Spotlight Sunday is series of interviews designed to introduce and highlight Chicago Urban Sketchers individually. Now that our chapter has reached nearly 500 members it has become more of a challenge to meet every single member in person and have a meaningful conversation. These posts concentrate on individuals and speak in their own words.
Interviewed by Alex Zonis
For this week's Spotlight Sunday I interviewed Chicago sketcher Muriel Christensen. I love Muriel’s sketches, portraits and her use of bold color. Thank you for answering my questions, Muriel!
Alex: How did you first hear about the Urban Sketchers community and what made you decide to join Urban Sketchers Chicago?
Muriel: On Facebook. I believe it was a pop up on the recommended page. I decided to join since I wanted to enhance my drawing skills. The best way is from live drawings and I'm not very comfortable doing that alone in public, so why not join a group and sketch together. I also wanted to do sketches other than portraits.
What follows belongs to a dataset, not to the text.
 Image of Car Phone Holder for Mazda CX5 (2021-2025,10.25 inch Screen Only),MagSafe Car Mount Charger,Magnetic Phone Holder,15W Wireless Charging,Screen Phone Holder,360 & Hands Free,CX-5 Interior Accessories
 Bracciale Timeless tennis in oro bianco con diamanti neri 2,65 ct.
My husband is not a sketcher, but joins me regularly, since he enjoys venturing out to the places that we did not know exist. Maybe he'll pick up a sketchbook and a pencil one of these days.
Alex: When did you start sketching?
Muriel: I've been sketching and drawing since my childhood, don't remember the age. But mainly portraits or people and mainly from photos.
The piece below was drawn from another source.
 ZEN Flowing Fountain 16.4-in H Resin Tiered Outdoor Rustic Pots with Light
I remembered selling my sketches for 10 cents (Burmese currency) in my first grade and gotten into trouble with their parents. So, from first grade for sure.
I stopped sketching or doing art during my adulthood, busy with schooling and raising family. But started doing it seriously again after joining USK.
Alex: Funny about selling your sketches and getting in trouble! Did you have any formal training in art, drawing or painting?
Muriel: Unfortunately, no. Do the workshops count? I took several oil painting workshops at Palette and Chisel. My dad was a very good cartoonist and was a professional artist when he was single, but gave it up when he got married. His art only exists in my memory as all of his work was destroyed in the fire in Burma. I did not learn much from him as his style was more gestural, drawings which I foolishly did not appreciate at that time. He gave me some pointers when I was young, but never encouraged me to go into art. Not trying to be stereotype here, but I think this was a common thing in Asian culture.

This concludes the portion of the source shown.